President Obama and congressional Republicans are blaming one another for the $85 billion in sequester-mandated spending cuts set to take effect March 1, but U.S. Rep. Mick Mulvaney, R-S.C., says the cuts should be implemented, and the huge fight over them will reveal whether lawmakers and the president are serious about real deficit reduction.
This countdown to cuts in defense and domestic programs is the result of the supercommittee failing in the wake of the 2011 Budget Control Act that was passed to avert a debt-ceiling crisis.
The sequester idea came from the Obama administration and was approved by the Republican-controlled House of Representatives. Neither side is eager to embrace it now, but Mulvaney told WND the sequester must go forward.

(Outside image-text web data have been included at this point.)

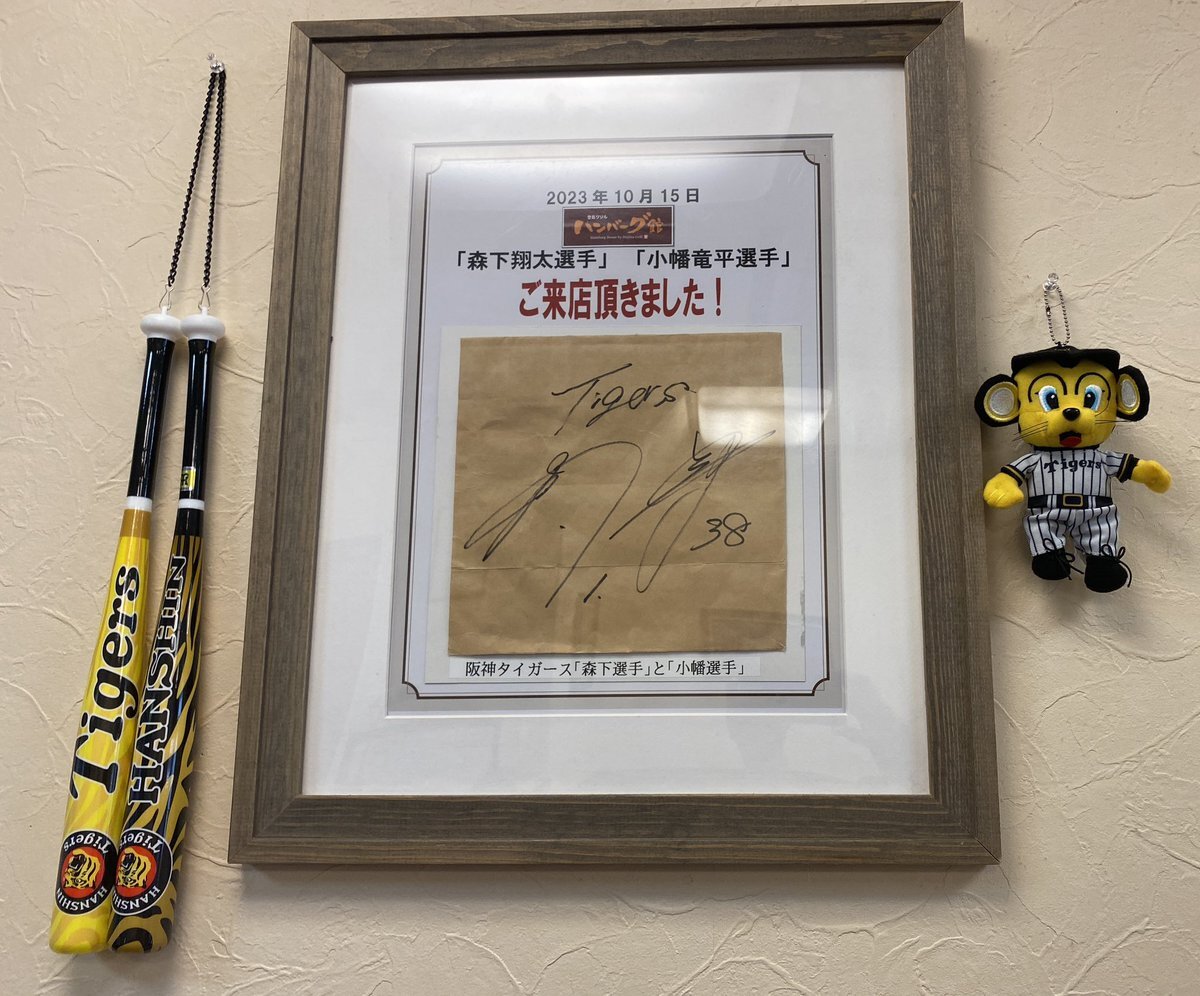 阪神タイガース 小幡竜平 T-SHOP受注生産限定直筆サイン入りフォトファイル Amazon.co.jp: 阪神タイガース 小幡竜平 選手 直筆サイン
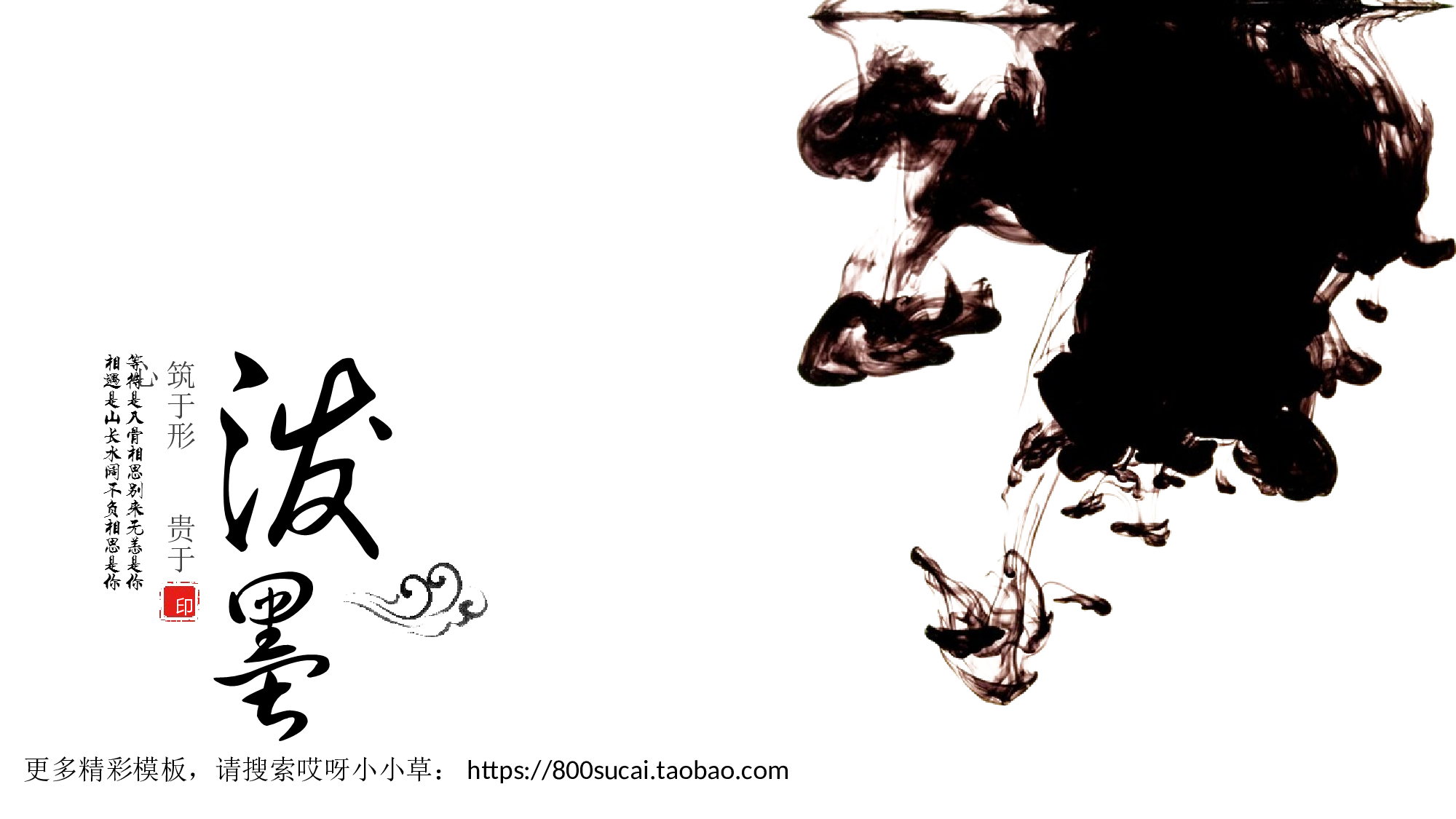 中国风模板089.ppt 第1页
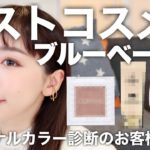 【お客様が選ぶベスコス】パーソナルカラー診断「ブルベ」のお客様は何を選ぶ？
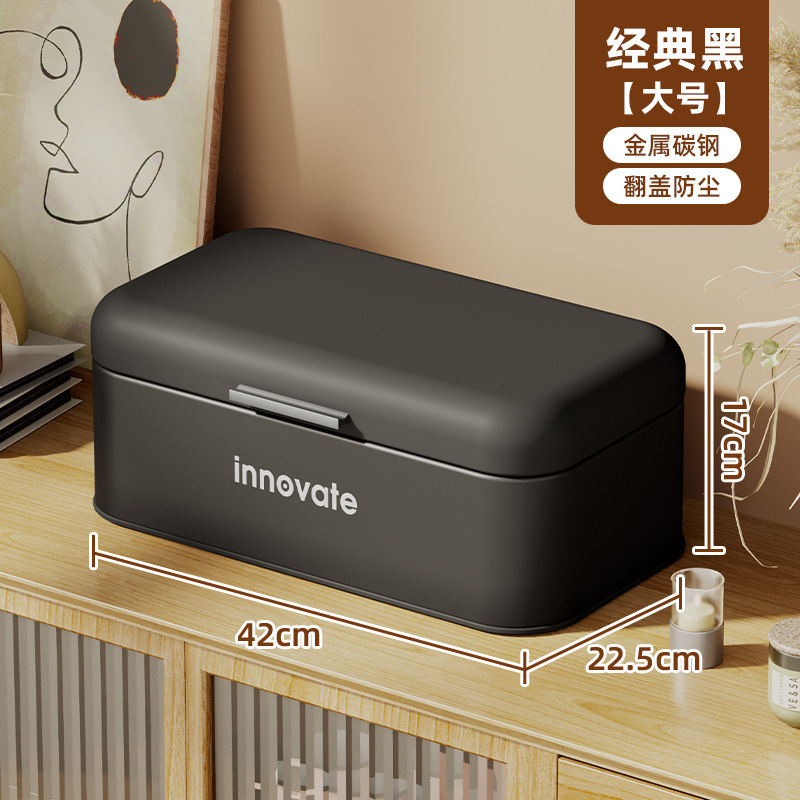 Caja de pan cuadrada (grande) Negro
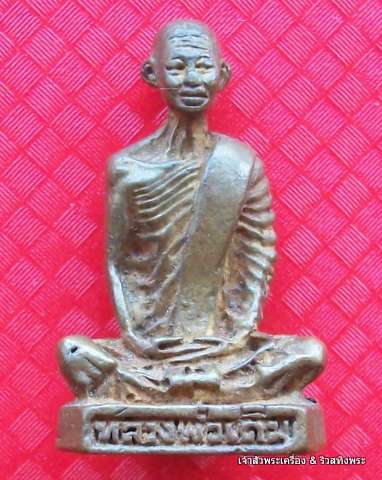 หลวงพ่อเดิมวัดหนองโพธิ์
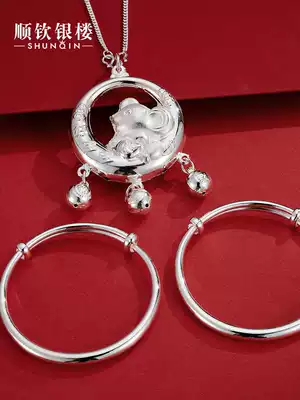 Shunqin Silver building 999 feet silver year of the rat good baby sterling silver card shoe buckle silver bracelet set to send children full moon week 100 years old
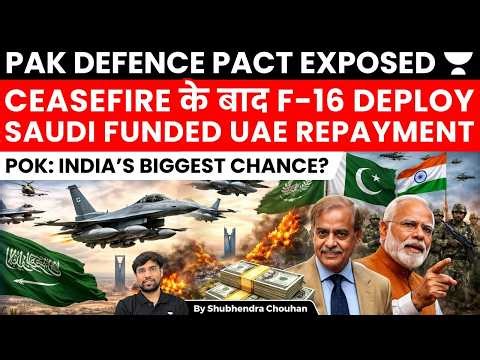 Pakistan F-16 Deployment in Saudi Arabia After Ceasefire | Saudi Funding Link Explained
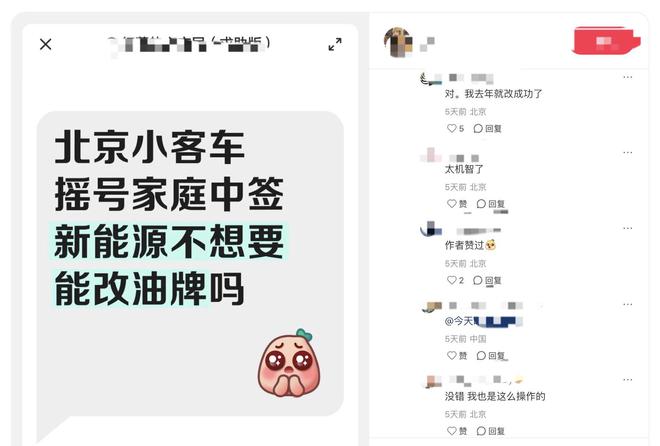 京牌租赁平台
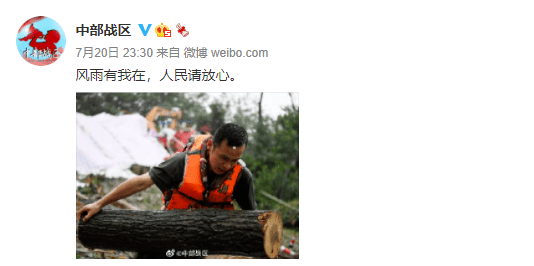 七省馳援！河南暴雨救援電話+緊急求助通道，請擴散！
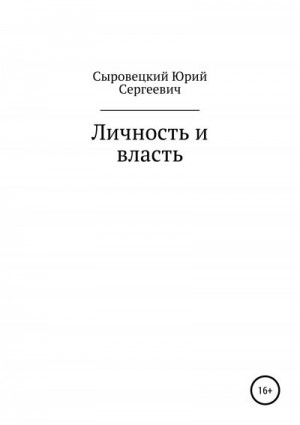 Сыровецкий Юрий - Личность и власть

"That is the promise that we made to folks back in August (of 2011). If we raise the debt ceiling a dollar, we'll cut spending a dollar and if we can't figure out how to do it, then the sequester will force us to do it," said Mulvaney, who voted against the Budget Control Act. "I happen to think that agreement is worth keeping. We have to have, at least, some consistency. I didn't agree with the bill at the time for various different reasons, but we have to stick with the principles, and I don't understand why the president now wants to break the agreement. It's imperative that we prove to people that we can reduce spending. Right now, the only way to do that is through the sequester."
Mulvaney also urges Americans to get past the political hand-wringing and observe that the sequester will make "hardly any" dent in the annual budget deficit.

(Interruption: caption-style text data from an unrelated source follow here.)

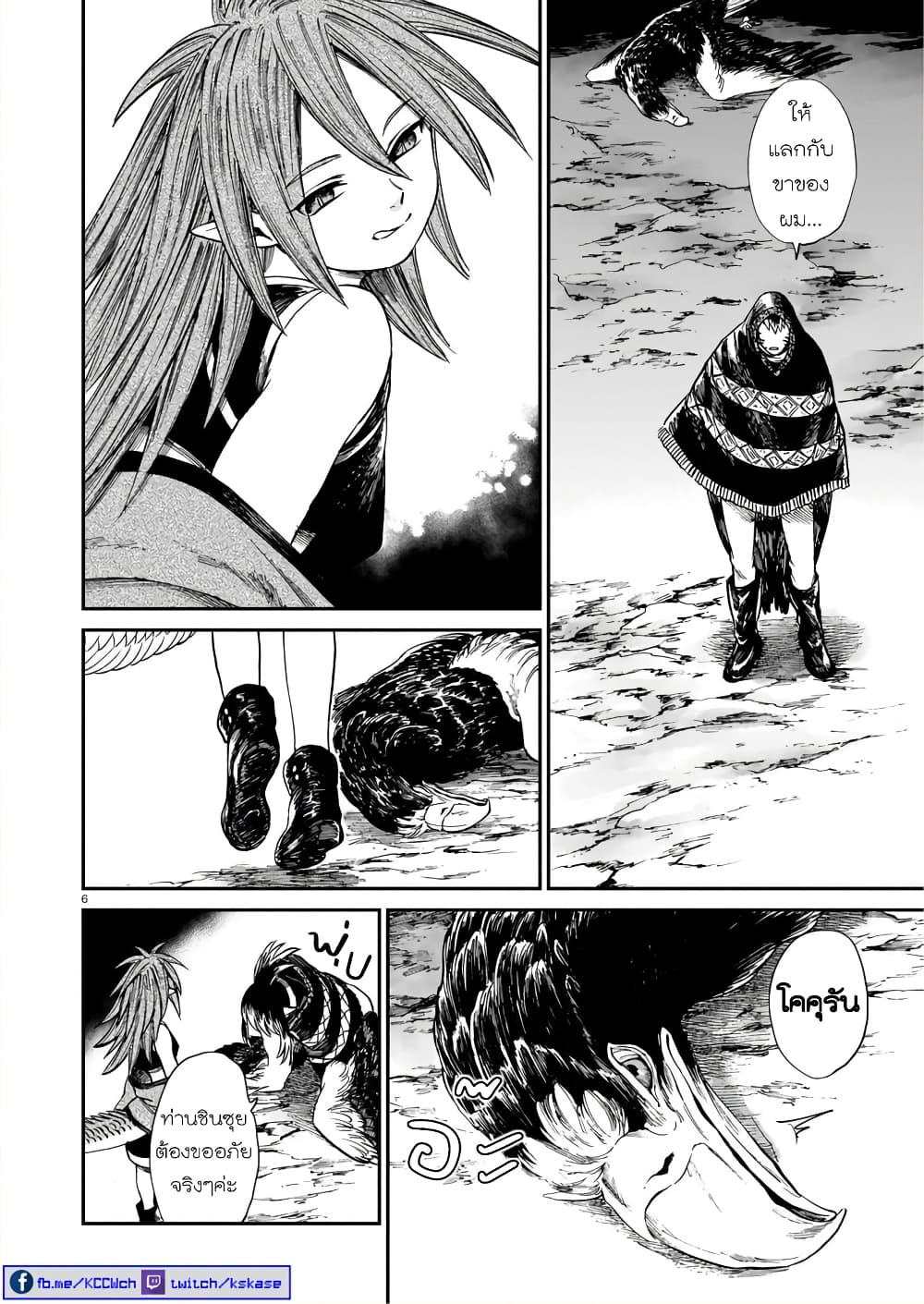 Tora ha Ryuu wo mada Tabenai page 7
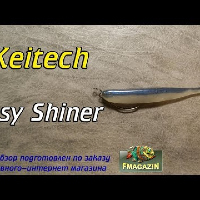 Видеообзор отличного виброхвоста Keitech Easy Shiner по заказу Fmagazin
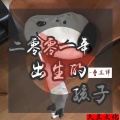 曹正祥 - 二零零一年出生的孩子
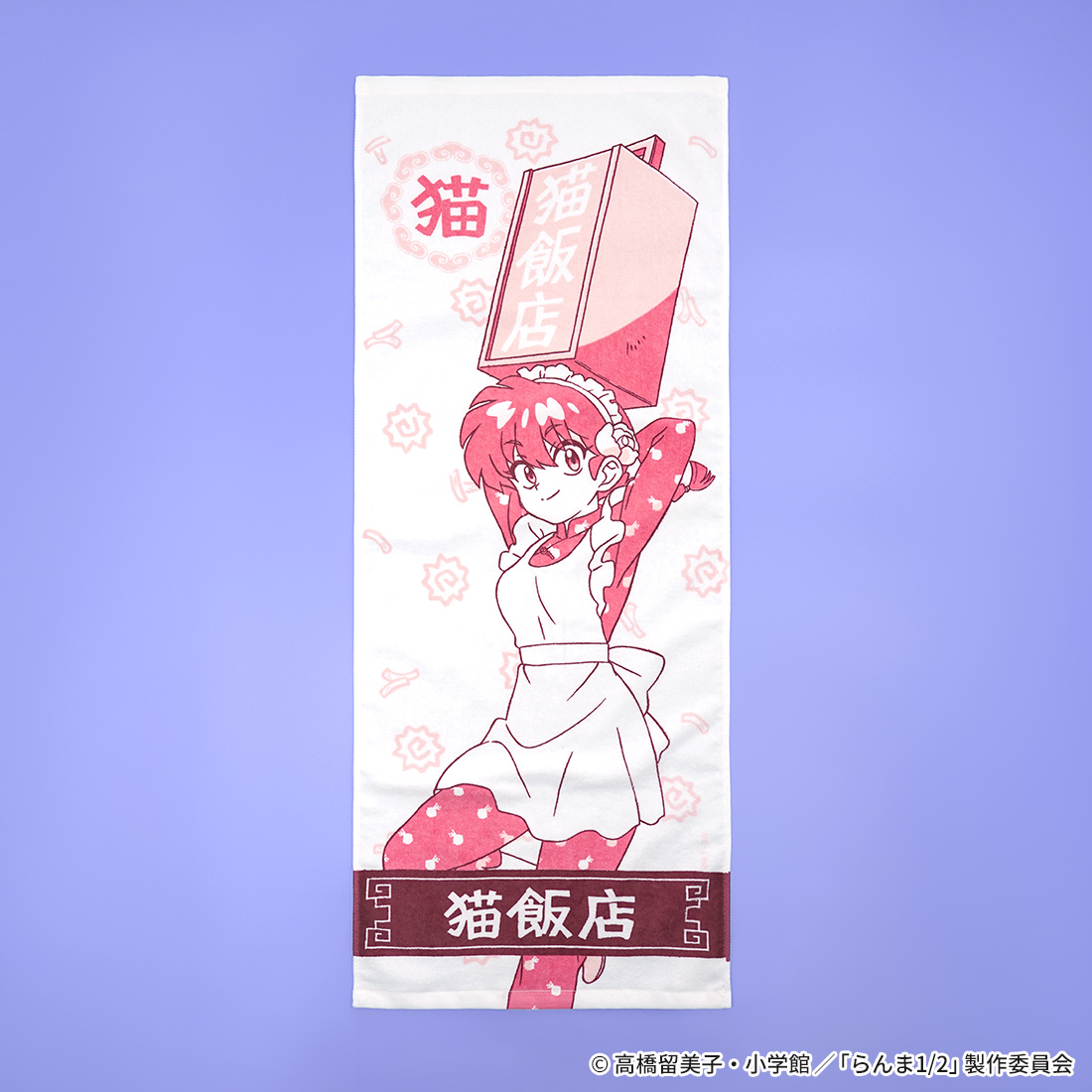 価格：1,540円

"The debt this year will be $1300 billion and this would cut it by $85, so you're cutting $85 out of $1300. Think about that for a second," Mulvaney said. "That's why I think a lot of this doom and gloom and 'sky is falling' hyperbole we're hearing from the Democrats is just designed to make people afraid. I think this is a good time to ride it out and show folks that the world doesn't end when you cut two percent from certain items in the federal government.
"I don't want to minimize the impact on defense. That's 11 percent, which is different, but the sun is going to rise on March 1. The federal government will still be there, and we'll save $85 billion. All things being considered, it's something we need to do," Mulvaney said.
As Mulvaney indicated, he is uneasy about the size of spending cuts impacting national defense. He said a "hollowing out" of the military could result from the much greater cuts that are about to impact national security.
"As interested as I have been in looking critically at the Defense Department for savings, an 11 percent across-the-board cut is not the right way to manage the Defense Department. I am concerned about it. I'm concerned about our ability to pursue our interests overseas, especially militarily, and that is a real concern," Mulvaney said. "That being said, the House has already offered its alternative to prevent that and the Senate has refused to take it up. The president has refused to engage on the topic. I don't know what else we can do in the House. We can't govern by ourselves. So it is a difficulty, and we need to face it, but getting rid of the sequester is not the answer."
The U.S. is currently facing annual deficits of more than a trillion dollars and a national debt racing toward $17 trillion. Mulvaney said this debate over a relatively tiny amount of spending will demonstrate whether the nation is ready for a larger debate to tackle the big drivers of our debt.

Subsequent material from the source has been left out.